Next week’s annual increase in the National Living Wage will lift the hourly rate for adults by 9.8 per cent to £11.44, equivalent to two-thirds of median earnings — hitting a long-standing government target to end low pay according to the OECD’s definition.
The government said the changes would benefit about 3mn workers, adding that it was “very proud” of delivering on its commitment to end low hourly pay and that it wanted to “protect progress”.
On Wednesday it published a new remit for the Low Pay Commission, which advises ministers on where to set the NLW, asking it to keep the pay floor for workers aged 21 and above at two-thirds of median earnings in 2025, while monitoring the effect of recent changes.
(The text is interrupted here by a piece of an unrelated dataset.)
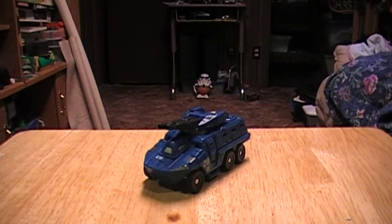Hey, back again with my next review. This time it's Transformers Hunt for the Decepticons Scout Breacher. As I liked Hubcap, I also like Breacher.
The LPC said that, on its current central projection, this would mean raising the NLW by 3.9 per cent, or 45p, to £11.89 in April 2025.
It also asked the LPC to make recommendations on increasing rates for young workers and apprentices, aiming to set them “as high as possible without damaging the employment prospects of each group”.
The decision to hold the NLW steady as a share of average earnings will come as a relief to businesses, which have voiced alarm about the pace of recent increases against a backdrop of intense cost pressures and weak consumer demand.
Meanwhile Rain Newton-Smith, chief executive of the CBI business lobby group, said at an event on Wednesday that companies had increasingly felt forced to pass higher wage costs on in the form of price rises, or cut back on the investments needed to drive productivity.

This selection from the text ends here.